#### Assignment
Output every entry exactly, from the first line to the last.

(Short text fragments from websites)
- Opening Delimiter -
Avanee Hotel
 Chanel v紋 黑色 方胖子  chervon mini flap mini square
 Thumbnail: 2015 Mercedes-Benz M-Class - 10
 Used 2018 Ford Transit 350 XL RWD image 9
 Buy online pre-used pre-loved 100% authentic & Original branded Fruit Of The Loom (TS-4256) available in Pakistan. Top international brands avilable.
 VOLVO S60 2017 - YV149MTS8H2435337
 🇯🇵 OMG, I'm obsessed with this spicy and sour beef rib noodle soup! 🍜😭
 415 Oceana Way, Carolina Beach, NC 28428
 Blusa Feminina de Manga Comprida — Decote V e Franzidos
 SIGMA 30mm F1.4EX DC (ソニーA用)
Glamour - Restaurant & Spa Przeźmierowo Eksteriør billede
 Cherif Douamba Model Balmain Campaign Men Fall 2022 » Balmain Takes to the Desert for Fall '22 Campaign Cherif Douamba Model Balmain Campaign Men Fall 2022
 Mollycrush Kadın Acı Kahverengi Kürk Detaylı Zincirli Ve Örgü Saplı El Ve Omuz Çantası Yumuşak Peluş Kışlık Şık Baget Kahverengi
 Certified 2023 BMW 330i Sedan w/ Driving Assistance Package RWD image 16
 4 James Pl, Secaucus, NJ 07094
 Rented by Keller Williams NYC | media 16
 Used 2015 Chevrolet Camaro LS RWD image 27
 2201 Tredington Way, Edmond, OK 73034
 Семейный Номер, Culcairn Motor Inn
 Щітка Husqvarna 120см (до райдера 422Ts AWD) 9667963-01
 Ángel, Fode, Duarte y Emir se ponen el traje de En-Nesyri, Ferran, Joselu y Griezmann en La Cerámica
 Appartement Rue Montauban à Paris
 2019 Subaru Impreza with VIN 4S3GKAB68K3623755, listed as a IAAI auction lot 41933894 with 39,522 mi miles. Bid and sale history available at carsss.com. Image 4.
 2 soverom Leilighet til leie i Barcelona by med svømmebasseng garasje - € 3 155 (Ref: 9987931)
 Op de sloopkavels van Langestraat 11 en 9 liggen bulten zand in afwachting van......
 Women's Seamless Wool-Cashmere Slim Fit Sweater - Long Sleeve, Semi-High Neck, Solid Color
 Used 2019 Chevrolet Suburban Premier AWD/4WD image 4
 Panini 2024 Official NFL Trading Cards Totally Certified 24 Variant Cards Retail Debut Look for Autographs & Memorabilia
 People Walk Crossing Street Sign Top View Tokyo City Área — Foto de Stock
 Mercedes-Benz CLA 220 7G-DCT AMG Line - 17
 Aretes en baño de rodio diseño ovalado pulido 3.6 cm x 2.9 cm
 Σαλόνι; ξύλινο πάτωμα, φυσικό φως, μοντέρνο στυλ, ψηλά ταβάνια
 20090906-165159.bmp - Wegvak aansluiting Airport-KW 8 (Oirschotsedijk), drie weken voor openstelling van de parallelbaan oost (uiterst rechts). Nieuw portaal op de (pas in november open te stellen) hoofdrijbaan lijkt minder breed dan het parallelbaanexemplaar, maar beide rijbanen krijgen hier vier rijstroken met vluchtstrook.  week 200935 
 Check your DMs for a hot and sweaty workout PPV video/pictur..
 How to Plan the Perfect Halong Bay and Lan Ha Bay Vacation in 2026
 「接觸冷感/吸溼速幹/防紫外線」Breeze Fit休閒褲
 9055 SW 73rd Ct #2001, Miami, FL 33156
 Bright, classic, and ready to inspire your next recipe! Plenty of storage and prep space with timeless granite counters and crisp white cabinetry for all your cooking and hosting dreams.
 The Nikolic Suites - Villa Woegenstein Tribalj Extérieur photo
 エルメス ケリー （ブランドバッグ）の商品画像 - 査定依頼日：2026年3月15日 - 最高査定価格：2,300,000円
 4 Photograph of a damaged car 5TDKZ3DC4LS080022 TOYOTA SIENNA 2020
- Closing Delimiter -
#### Your solution
Avanee Hotel
 Chanel v紋 黑色 方胖子  chervon mini flap mini square
 Thumbnail: 2015 Mercedes-Benz M-Class - 10
 Used 2018 Ford Transit 350 XL RWD image 9
 Buy online pre-used pre-loved 100% authentic & Original branded Fruit Of The Loom (TS-4256) available in Pakistan. Top international brands avilable.
 VOLVO S60 2017 - YV149MTS8H2435337
 🇯🇵 OMG, I'm obsessed with this spicy and sour beef rib noodle soup! 🍜😭
 415 Oceana Way, Carolina Beach, NC 28428
 Blusa Feminina de Manga Comprida — Decote V e Franzidos
 SIGMA 30mm F1.4EX DC (ソニーA用)
Glamour - Restaurant & Spa Przeźmierowo Eksteriør billede
 Cherif Douamba Model Balmain Campaign Men Fall 2022 » Balmain Takes to the Desert for Fall '22 Campaign Cherif Douamba Model Balmain Campaign Men Fall 2022
 Mollycrush Kadın Acı Kahverengi Kürk Detaylı Zincirli Ve Örgü Saplı El Ve Omuz Çantası Yumuşak Peluş Kışlık Şık Baget Kahverengi
 Certified 2023 BMW 330i Sedan w/ Driving Assistance Package RWD image 16
 4 James Pl, Secaucus, NJ 07094
 Rented by Keller Williams NYC | media 16
 Used 2015 Chevrolet Camaro LS RWD image 27
 2201 Tredington Way, Edmond, OK 73034
 Семейный Номер, Culcairn Motor Inn
 Щітка Husqvarna 120см (до райдера 422Ts AWD) 9667963-01
 Ángel, Fode, Duarte y Emir se ponen el traje de En-Nesyri, Ferran, Joselu y Griezmann en La Cerámica
 Appartement Rue Montauban à Paris
 2019 Subaru Impreza with VIN 4S3GKAB68K3623755, listed as a IAAI auction lot 41933894 with 39,522 mi miles. Bid and sale history available at carsss.com. Image 4.
 2 soverom Leilighet til leie i Barcelona by med svømmebasseng garasje - € 3 155 (Ref: 9987931)
 Op de sloopkavels van Langestraat 11 en 9 liggen bulten zand in afwachting van......
 Women's Seamless Wool-Cashmere Slim Fit Sweater - Long Sleeve, Semi-High Neck, Solid Color
 Used 2019 Chevrolet Suburban Premier AWD/4WD image 4
 Panini 2024 Official NFL Trading Cards Totally Certified 24 Variant Cards Retail Debut Look for Autographs & Memorabilia
 People Walk Crossing Street Sign Top View Tokyo City Área — Foto de Stock
 Mercedes-Benz CLA 220 7G-DCT AMG Line - 17
 Aretes en baño de rodio diseño ovalado pulido 3.6 cm x 2.9 cm
 Σαλόνι; ξύλινο πάτωμα, φυσικό φως, μοντέρνο στυλ, ψηλά ταβάνια
 20090906-165159.bmp - Wegvak aansluiting Airport-KW 8 (Oirschotsedijk), drie weken voor openstelling van de parallelbaan oost (uiterst rechts). Nieuw portaal op de (pas in november open te stellen) hoofdrijbaan lijkt minder breed dan het parallelbaanexemplaar, maar beide rijbanen krijgen hier vier rijstroken met vluchtstrook.  week 200935 
 Check your DMs for a hot and sweaty workout PPV video/pictur..
 How to Plan the Perfect Halong Bay and Lan Ha Bay Vacation in 2026
 「接觸冷感/吸溼速幹/防紫外線」Breeze Fit休閒褲
 9055 SW 73rd Ct #2001, Miami, FL 33156
 Bright, classic, and ready to inspire your next recipe! Plenty of storage and prep space with timeless granite counters and crisp white cabinetry for all your cooking and hosting dreams.
 The Nikolic Suites - Villa Woegenstein Tribalj Extérieur photo
 エルメス ケリー （ブランドバッグ）の商品画像 - 査定依頼日：2026年3月15日 - 最高査定価格：2,300,000円
 4 Photograph of a damaged car 5TDKZ3DC4LS080022 TOYOTA SIENNA 2020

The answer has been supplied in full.